=== Given records ===
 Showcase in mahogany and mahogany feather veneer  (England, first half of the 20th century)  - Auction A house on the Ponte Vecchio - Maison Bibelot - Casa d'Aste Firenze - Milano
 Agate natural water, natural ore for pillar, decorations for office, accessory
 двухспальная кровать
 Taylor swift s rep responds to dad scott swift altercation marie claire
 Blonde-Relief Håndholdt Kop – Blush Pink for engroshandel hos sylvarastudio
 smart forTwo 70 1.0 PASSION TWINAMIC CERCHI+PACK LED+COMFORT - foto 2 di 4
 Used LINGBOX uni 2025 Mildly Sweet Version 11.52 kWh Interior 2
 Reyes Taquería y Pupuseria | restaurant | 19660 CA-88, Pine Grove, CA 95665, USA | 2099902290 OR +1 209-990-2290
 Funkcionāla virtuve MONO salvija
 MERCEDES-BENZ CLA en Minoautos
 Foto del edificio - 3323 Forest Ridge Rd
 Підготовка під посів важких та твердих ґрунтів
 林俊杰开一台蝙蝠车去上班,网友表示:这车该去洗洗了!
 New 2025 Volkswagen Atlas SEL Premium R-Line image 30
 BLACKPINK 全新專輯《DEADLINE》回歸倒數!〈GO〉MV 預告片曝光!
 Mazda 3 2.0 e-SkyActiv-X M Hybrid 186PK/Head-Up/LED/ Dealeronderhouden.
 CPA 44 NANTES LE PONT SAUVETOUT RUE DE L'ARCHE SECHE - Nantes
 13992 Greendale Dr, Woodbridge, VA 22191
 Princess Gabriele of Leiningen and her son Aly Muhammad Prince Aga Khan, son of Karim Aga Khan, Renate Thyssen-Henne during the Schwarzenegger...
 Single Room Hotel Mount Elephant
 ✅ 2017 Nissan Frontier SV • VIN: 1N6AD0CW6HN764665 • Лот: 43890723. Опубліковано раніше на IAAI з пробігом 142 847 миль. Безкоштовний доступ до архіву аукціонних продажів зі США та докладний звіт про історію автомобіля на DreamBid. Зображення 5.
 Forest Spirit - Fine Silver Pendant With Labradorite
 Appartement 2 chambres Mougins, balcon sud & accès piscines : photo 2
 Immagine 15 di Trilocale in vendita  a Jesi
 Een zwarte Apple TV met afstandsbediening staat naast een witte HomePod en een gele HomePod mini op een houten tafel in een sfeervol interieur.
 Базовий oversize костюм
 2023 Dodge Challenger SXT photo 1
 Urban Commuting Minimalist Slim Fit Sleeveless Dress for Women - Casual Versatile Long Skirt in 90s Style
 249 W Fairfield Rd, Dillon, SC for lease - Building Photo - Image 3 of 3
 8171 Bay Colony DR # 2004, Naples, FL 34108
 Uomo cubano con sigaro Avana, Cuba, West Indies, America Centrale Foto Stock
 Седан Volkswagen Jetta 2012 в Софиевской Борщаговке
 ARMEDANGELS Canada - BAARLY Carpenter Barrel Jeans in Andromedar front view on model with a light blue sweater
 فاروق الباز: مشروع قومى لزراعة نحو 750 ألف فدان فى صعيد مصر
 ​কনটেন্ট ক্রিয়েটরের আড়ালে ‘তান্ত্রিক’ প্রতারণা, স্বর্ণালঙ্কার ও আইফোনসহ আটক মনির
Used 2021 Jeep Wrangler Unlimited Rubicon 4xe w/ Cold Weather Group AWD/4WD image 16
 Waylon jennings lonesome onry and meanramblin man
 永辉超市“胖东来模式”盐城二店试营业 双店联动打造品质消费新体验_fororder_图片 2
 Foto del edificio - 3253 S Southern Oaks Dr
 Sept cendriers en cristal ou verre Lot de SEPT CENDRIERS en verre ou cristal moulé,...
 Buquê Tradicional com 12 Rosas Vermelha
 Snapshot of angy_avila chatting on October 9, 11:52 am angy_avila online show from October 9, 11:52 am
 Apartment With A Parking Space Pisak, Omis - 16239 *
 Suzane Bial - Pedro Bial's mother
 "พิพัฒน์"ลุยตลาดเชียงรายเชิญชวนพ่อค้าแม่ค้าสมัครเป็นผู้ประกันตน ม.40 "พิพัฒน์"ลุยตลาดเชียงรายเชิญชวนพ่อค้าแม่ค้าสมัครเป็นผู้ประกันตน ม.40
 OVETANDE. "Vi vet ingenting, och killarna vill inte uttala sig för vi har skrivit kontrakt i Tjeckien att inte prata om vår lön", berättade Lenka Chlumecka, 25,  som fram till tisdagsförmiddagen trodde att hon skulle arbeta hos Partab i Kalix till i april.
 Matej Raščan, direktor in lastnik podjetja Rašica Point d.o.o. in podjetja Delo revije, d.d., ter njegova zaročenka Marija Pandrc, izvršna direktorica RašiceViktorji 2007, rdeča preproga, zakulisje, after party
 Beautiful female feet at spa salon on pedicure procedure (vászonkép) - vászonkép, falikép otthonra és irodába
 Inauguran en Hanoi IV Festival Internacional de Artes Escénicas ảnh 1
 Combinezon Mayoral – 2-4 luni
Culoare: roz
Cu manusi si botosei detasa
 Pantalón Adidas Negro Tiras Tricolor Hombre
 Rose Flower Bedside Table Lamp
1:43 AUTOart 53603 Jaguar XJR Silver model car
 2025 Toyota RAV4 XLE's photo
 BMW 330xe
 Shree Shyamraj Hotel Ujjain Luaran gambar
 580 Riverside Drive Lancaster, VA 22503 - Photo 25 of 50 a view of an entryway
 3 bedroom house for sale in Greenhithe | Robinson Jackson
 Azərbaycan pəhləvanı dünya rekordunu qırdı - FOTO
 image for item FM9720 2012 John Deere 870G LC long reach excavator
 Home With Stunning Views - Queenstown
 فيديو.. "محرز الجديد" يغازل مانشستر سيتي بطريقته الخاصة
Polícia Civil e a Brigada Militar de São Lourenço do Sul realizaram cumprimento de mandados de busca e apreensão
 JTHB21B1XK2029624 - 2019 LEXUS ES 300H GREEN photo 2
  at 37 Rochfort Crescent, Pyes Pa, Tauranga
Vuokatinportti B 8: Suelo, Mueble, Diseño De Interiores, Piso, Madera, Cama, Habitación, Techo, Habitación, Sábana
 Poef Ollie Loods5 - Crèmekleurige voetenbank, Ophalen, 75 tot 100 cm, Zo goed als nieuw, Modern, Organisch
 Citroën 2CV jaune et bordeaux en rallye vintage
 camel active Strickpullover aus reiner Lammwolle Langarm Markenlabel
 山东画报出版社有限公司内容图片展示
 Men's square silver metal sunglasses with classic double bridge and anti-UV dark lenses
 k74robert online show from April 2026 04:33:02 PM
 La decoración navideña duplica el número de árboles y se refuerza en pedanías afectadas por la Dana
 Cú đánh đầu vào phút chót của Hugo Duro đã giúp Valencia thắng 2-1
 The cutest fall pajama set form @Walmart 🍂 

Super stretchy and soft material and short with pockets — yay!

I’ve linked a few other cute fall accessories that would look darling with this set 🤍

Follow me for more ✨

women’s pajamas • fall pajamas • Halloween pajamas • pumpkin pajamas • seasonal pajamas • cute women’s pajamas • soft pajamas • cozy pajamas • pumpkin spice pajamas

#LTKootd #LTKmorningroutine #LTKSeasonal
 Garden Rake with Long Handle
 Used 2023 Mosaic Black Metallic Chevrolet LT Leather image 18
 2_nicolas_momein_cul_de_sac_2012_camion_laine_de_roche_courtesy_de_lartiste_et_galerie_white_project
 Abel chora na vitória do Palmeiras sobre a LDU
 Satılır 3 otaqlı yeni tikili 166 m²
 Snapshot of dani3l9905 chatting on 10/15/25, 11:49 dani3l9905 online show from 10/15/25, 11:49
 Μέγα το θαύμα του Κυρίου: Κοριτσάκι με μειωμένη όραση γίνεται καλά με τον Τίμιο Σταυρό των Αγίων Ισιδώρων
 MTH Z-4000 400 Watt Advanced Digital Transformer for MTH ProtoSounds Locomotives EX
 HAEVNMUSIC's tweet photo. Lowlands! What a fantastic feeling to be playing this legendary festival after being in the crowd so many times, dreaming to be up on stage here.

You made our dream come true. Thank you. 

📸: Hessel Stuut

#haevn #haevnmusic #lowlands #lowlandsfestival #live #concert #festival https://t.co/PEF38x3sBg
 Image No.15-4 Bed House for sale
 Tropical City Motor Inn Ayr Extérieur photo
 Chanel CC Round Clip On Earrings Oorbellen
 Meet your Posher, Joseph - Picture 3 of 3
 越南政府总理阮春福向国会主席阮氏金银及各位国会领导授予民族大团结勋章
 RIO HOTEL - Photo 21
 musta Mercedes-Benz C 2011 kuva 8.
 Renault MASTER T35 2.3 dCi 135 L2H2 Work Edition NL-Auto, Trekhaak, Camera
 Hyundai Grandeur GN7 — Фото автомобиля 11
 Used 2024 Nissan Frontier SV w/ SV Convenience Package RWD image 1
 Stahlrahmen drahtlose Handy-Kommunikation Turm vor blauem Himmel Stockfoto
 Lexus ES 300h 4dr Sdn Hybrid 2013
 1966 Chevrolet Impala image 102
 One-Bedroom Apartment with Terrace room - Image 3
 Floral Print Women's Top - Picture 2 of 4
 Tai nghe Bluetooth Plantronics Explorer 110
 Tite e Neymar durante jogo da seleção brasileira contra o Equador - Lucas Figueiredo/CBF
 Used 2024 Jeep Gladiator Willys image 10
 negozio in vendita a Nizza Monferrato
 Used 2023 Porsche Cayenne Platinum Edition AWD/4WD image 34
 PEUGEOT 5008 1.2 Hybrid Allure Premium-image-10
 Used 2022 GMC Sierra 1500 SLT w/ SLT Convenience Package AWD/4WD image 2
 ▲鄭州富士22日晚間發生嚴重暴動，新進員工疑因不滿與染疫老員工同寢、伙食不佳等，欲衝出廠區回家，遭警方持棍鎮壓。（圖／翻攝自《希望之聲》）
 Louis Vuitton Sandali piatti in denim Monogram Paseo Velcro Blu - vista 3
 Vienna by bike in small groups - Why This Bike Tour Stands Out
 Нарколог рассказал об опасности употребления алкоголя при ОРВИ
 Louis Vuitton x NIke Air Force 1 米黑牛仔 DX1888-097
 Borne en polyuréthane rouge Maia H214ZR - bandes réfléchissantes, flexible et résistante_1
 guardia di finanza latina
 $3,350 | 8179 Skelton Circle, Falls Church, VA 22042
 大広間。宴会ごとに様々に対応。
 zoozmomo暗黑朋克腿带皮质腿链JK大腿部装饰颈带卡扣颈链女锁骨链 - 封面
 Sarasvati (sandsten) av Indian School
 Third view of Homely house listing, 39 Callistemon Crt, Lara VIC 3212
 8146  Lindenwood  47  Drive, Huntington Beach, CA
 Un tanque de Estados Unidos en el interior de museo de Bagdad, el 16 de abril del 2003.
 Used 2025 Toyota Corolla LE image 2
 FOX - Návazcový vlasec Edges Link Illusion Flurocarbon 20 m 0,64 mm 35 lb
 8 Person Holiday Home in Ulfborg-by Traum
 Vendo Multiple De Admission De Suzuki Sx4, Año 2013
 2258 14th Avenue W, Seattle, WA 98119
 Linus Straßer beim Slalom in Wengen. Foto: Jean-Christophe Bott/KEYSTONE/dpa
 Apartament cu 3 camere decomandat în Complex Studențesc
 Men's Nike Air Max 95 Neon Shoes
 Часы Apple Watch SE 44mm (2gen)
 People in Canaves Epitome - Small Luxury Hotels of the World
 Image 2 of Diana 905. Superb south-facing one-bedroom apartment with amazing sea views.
===
Task item. Identify how many lines in the entries above contain the word "Jeep" and provide only that figure.

Answer to this exercise. 2